You're only young once.
I've done henna on my back, I have a bright wrap in my hair, I'm working on my bracelet collection.
Don't judge me if I come back from a year abroad with a dread or a nose ring.
You might think I've changed, but maybe you've never really known who I am from the beginning.
Maybe I'm still trying to figure it out myself.
So, let me live, and let me learn the way I do best.
I'll be just fine on my own.
And maybe when I return, I won't have to be.

Sunday, August 26, 2012

It's OVER!

Girl counselors! Love them all!
Twinsie dresses!
Teen week! Always my favorite!
Counselors ready to perform our African zumba dance for the kids.
One of my best friends! Really going to miss her!
Today is the day. Camp is over... and it's weird, but it feels really good to breath.

Friday, August 10, 2012

Falling Dots

I went out on the dock tonight and pondered the bright dots hanging in the sky. They said it was going to be a meteor shower --the most falling stars you'll ever see in your lifetime (of course that's what they said last time). I went to the corner of the dock with all the seagull poop, thinking no one would disturb me there. Thoughts flashed through my brain like the stars falling out of the sky. I pondered my life. Two weeks left of camp and then I'm free --but free from what exactly? That's what I thought the last time, with school --camp was my outlet, my resting haven, a place to hope for, but what's next? And what am I hoping to find there, because each time I think it'll be just around the corner, it's not, and I end up disappointed, each time more than the previous.
I pondered my life deeper. I have no picture in mind --no point, no purpose, ambition, intent, motivation-- no reason to even exist.

I thought about God. So high and mighty up in that big bright sky. I thought about his still small voice, and why I'd never heard it before.

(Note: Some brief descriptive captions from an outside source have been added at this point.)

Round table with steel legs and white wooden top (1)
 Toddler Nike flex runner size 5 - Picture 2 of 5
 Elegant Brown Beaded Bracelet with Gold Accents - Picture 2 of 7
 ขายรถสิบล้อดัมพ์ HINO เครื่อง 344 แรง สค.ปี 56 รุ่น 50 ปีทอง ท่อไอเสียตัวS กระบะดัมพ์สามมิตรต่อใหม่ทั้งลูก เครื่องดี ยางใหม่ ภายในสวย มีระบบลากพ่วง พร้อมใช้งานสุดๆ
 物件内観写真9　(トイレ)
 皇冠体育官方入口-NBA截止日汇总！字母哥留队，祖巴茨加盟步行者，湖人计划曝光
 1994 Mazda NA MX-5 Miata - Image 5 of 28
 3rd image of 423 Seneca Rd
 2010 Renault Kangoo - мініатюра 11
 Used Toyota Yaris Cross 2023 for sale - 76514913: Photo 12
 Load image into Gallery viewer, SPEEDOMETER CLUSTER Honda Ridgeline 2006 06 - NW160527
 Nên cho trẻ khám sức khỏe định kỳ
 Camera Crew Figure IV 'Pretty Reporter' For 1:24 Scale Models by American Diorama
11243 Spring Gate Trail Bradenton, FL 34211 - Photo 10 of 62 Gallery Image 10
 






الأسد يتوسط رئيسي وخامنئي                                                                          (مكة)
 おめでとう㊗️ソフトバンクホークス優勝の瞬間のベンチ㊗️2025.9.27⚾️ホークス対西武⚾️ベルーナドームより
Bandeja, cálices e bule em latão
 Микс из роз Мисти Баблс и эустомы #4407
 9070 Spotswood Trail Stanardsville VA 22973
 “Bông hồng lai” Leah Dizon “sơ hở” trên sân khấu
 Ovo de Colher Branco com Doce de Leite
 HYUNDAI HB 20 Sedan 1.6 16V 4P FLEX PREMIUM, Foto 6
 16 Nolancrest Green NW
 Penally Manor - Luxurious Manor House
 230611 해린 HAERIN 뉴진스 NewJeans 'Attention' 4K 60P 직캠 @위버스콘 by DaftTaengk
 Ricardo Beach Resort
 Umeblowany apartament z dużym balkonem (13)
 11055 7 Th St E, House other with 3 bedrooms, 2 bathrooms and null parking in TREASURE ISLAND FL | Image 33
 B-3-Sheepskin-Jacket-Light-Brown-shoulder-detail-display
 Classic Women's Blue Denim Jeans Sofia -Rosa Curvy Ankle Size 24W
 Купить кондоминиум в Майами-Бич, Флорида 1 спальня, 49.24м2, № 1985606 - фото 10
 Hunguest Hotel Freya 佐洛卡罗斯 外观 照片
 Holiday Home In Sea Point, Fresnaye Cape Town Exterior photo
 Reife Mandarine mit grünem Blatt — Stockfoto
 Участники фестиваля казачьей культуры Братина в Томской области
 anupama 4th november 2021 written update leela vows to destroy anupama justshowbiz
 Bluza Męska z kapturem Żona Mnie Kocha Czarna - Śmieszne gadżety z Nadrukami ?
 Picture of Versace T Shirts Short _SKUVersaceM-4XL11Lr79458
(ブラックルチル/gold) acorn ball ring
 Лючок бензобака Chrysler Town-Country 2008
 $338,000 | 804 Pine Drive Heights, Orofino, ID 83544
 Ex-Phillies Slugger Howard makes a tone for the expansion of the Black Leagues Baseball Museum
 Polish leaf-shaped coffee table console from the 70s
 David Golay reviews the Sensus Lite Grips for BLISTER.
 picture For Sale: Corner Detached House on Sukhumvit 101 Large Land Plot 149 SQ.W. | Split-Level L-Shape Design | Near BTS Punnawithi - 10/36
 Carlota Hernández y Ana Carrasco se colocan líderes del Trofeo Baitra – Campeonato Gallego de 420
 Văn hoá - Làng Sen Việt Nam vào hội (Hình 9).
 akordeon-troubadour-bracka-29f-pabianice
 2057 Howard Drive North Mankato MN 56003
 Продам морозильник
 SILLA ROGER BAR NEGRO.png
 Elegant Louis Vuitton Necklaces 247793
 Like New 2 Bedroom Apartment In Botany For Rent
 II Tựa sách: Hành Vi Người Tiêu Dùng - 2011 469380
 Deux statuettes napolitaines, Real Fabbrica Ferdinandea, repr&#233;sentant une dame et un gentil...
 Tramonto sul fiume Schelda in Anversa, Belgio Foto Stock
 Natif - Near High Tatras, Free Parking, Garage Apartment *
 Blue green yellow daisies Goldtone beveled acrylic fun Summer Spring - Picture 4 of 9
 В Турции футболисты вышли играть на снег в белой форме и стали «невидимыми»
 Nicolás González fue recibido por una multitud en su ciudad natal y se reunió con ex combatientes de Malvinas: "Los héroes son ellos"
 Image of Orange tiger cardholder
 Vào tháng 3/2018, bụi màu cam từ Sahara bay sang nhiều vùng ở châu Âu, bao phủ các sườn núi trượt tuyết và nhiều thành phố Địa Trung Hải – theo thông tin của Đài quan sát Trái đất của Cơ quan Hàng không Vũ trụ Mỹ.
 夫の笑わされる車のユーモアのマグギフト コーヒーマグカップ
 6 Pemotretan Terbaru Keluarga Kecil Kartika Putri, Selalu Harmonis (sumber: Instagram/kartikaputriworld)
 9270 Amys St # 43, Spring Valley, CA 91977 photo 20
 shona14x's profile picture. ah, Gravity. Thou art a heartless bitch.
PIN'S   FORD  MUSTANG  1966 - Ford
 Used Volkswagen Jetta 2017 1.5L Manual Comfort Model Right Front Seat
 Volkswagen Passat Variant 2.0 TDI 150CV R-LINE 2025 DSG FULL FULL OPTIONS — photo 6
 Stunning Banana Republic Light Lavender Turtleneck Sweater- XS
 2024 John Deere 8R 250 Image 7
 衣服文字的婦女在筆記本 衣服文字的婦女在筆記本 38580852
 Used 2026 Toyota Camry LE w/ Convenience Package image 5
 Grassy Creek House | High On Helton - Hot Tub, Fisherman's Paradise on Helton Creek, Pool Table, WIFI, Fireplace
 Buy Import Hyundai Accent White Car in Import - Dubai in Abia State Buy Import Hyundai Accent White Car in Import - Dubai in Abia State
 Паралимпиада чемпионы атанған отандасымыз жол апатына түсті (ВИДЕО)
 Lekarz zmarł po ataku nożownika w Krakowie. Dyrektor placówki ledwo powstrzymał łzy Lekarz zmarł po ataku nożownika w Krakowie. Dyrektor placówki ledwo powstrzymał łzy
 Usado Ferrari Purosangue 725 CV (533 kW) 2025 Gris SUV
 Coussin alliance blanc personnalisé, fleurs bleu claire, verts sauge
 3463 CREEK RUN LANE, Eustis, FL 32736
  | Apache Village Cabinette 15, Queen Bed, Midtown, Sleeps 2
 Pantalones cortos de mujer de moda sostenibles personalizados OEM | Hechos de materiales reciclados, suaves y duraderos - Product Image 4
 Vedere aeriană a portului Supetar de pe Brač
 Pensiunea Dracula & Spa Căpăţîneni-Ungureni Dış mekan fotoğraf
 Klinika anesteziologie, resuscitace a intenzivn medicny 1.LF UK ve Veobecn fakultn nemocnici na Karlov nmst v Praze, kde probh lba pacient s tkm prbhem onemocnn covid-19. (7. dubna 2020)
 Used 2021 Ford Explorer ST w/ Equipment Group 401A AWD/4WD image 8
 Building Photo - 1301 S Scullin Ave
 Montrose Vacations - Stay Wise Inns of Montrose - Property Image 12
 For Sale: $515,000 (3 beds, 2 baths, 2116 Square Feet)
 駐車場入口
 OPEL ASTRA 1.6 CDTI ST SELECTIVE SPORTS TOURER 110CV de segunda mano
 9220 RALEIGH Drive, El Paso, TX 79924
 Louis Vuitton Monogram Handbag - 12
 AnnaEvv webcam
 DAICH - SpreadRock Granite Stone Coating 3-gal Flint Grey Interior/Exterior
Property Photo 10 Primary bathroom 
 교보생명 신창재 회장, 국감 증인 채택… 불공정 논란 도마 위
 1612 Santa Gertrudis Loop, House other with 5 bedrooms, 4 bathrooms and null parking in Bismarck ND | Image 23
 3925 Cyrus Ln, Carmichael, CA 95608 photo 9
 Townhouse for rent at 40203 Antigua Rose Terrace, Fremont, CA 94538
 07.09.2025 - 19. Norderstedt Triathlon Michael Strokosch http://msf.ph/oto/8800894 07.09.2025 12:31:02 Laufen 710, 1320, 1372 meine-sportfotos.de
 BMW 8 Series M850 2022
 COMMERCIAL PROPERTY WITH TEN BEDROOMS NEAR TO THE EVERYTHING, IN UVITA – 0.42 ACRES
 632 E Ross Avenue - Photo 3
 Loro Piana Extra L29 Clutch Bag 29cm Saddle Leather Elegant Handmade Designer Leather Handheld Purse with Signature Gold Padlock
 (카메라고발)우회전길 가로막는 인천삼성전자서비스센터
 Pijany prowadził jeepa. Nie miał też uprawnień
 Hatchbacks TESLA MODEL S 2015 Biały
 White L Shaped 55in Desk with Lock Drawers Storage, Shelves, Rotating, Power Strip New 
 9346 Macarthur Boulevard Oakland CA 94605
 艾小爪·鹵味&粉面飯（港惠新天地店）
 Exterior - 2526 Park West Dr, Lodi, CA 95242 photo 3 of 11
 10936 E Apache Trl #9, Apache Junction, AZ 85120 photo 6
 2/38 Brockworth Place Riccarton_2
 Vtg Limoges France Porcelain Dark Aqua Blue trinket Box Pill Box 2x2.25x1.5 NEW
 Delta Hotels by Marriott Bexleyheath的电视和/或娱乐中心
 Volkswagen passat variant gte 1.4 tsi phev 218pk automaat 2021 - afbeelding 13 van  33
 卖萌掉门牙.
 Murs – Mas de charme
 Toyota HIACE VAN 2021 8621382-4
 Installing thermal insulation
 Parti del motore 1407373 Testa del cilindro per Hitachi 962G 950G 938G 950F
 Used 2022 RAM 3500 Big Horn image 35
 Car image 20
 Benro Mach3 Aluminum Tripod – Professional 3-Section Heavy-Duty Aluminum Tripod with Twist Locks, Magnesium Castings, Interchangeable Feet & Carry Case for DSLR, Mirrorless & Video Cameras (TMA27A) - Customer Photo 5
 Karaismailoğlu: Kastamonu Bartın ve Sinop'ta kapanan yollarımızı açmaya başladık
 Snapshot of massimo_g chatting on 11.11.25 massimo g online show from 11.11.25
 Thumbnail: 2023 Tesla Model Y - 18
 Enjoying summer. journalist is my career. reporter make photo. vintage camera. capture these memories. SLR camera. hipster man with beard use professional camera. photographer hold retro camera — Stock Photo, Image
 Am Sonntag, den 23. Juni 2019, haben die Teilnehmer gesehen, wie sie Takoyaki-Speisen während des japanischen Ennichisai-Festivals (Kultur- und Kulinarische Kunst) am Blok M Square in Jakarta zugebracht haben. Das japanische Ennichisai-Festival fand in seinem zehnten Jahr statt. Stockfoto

I thought about the person that I am. Always wishing, searching for more --there's got to be more. I don't like it. Who I've become, that is.
Maybe that's reason enough to believe in God. I liked the person that I was not who I am. There's got to be more. More answers. More logic. More sense. Less feeling, less hope for something we'll never find.
I just want to know, when does the searching end? When does the world make sense? When does my life fit in to the puzzle? I just want to know --where do I go from here? All I find myself doing is hoping the answers will be found in the year ahead. Maybe the unfamiliarity and unknown of another country will shine a light on this? I hope. What else can I do?

Tuesday, August 7, 2012

Sailing

A smooth sea never made a skillful sailor.

Monday, August 6, 2012

Inspired

Photo by Logan Carter
I have an awesome friend, and he takes awesome pictures, and this inspires me today.